WHAT YOU WILL DO =>
Leaving out all pictures, copy the lines below exactly, from the line with "CAROLINA HEIGHTS 2ND" to the last line, both ends included.

PROVIDED MATERIAL =>
[Start of Attachment]
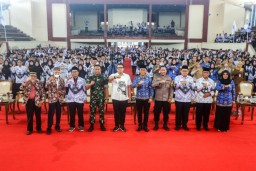 Peringati HUT Ke-79 PGRI dan Hari Guru Nasional, Kota Mojokerto Berbagi Penghargaan bagi Pahlawan Pendidikan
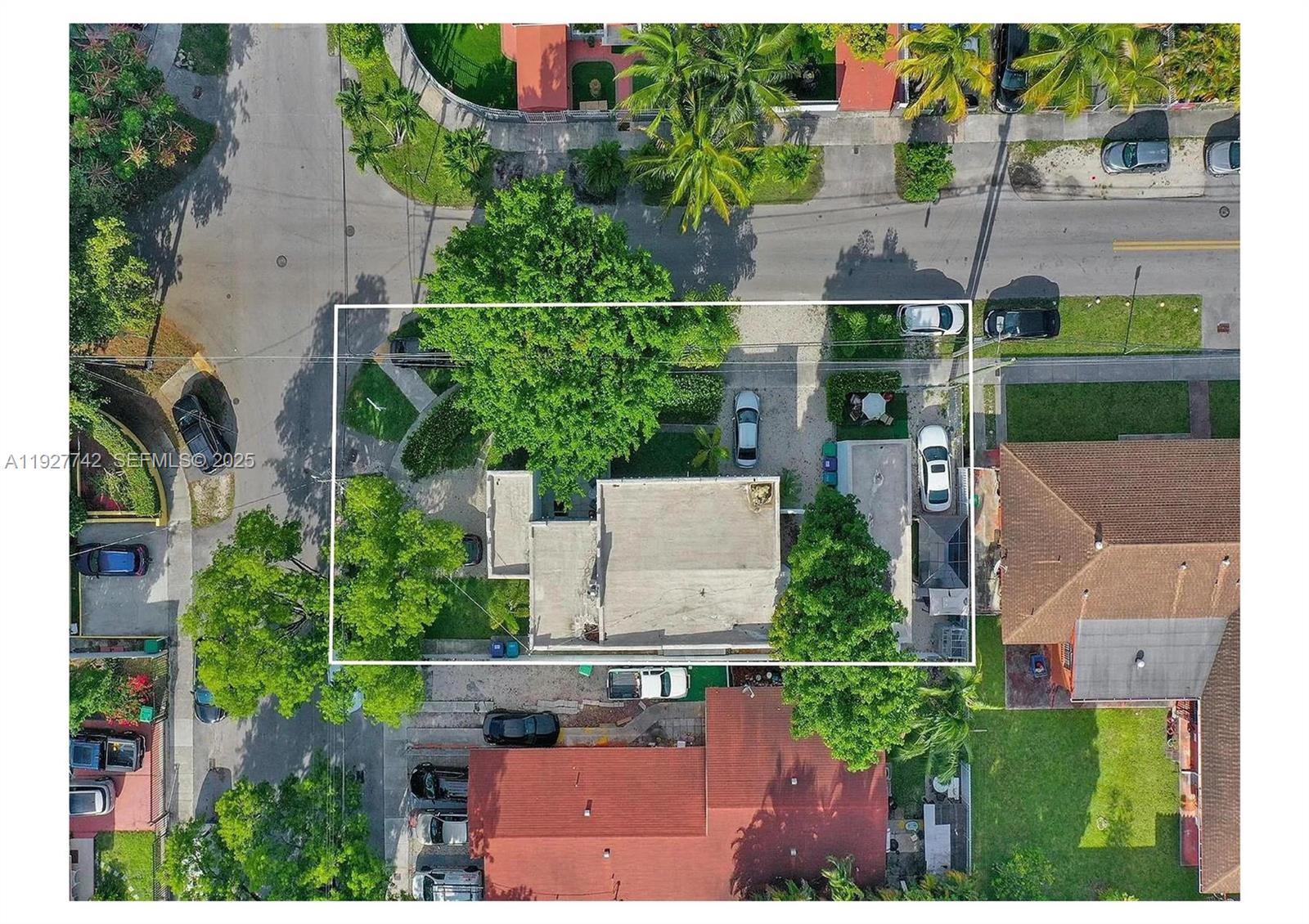 CAROLINA HEIGHTS 2ND SEC - Residential Income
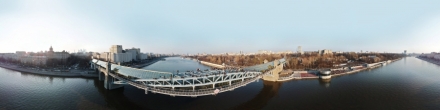 Пушкинский мост в Парк Горького. Москва. Фотография.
[End of Attachment]
PROBLEM SOLUTION =>
 CAROLINA HEIGHTS 2ND SEC - Residential Income
 Пушкинский мост в Парк Горького. Москва. Фотография.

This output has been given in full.